Speaking live on television in a central Tunis boulevard, Mr. Saied said he respected the 2014 democratic constitution but that it was not eternal and could be amended
Tunisia’s President Kais Saied on September 11 indicated he was preparing to change the country’s constitution, but said he would only do so using existing constitutional means, seven weeks after he seized powers in moves his foes called a coup.
Speaking live on television in a central Tunis boulevard, Mr. Saied said he respected the 2014 democratic constitution but that it was not eternal and could be amended.
“Amendments must be made within the framework of theconstitution,” he told the Sky News Arabia channel and Tunisian state television.
One of Saied’s advisers told Reuters on September 8 that the President was planning to suspend the constitution and offer an amended version via a referendum, prompting opposition from political parties and the country’s powerful main labour union.
Anxiety has been growing, both internally and among Western democracies that have supported Tunisia’s public finances, over Mr.
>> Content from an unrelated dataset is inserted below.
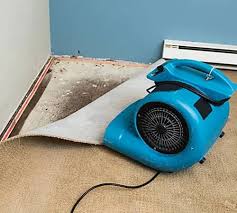 How Does Flood Damage Impact Homes and Infrastructure?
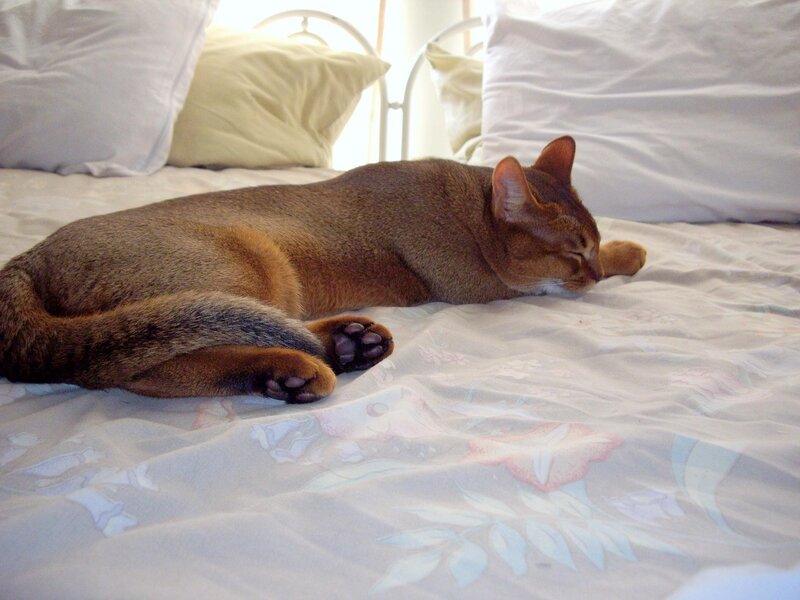Abyssinian cat sleeping on bed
Saied’s intentions since his July 25 announcement that he was sacking the Prime Minister and suspending parliament.
The former constitutional law professor justified those moves by citing emergency measures in the constitution that his critics and many legal scholars said did not support his intervention.
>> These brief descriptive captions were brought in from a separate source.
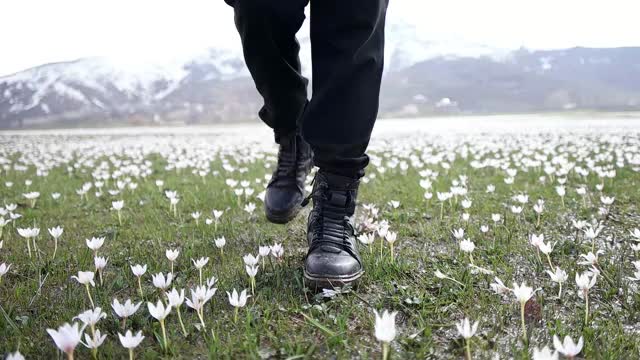 白色磨粉花视频素材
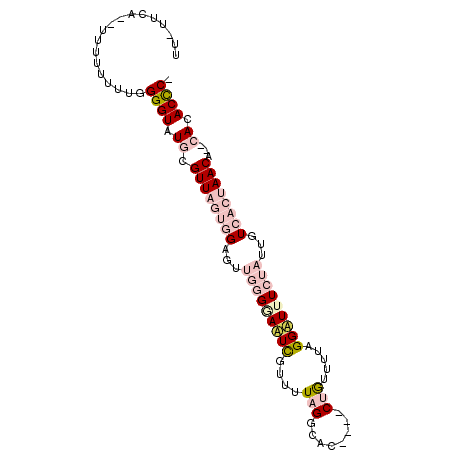 secondary structure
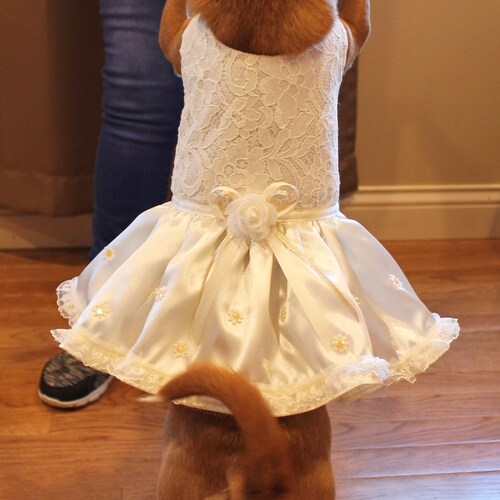 White Bridal Dog Wedding Dress Fancy Dog Bridesmaid Dress Etsy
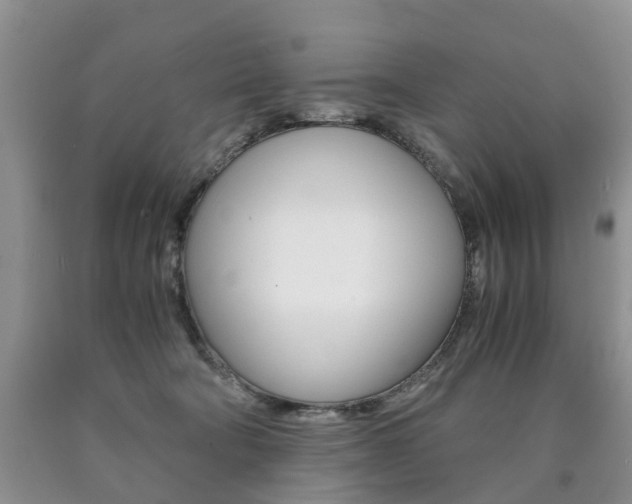 X0000090760322200707201059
Though he indefinitely extended the measures after a month, he has yet to appoint a new government or make any clear declaration of his long-term intentions, as Tunisia struggles to confront a rolling economic crisis.
His intervention drew widespread support after years of political paralysis, but it has thrust Tunisia into crisis a decade after it threw off autocracy and embraced democracy in the revolution that triggered the Arab Spring.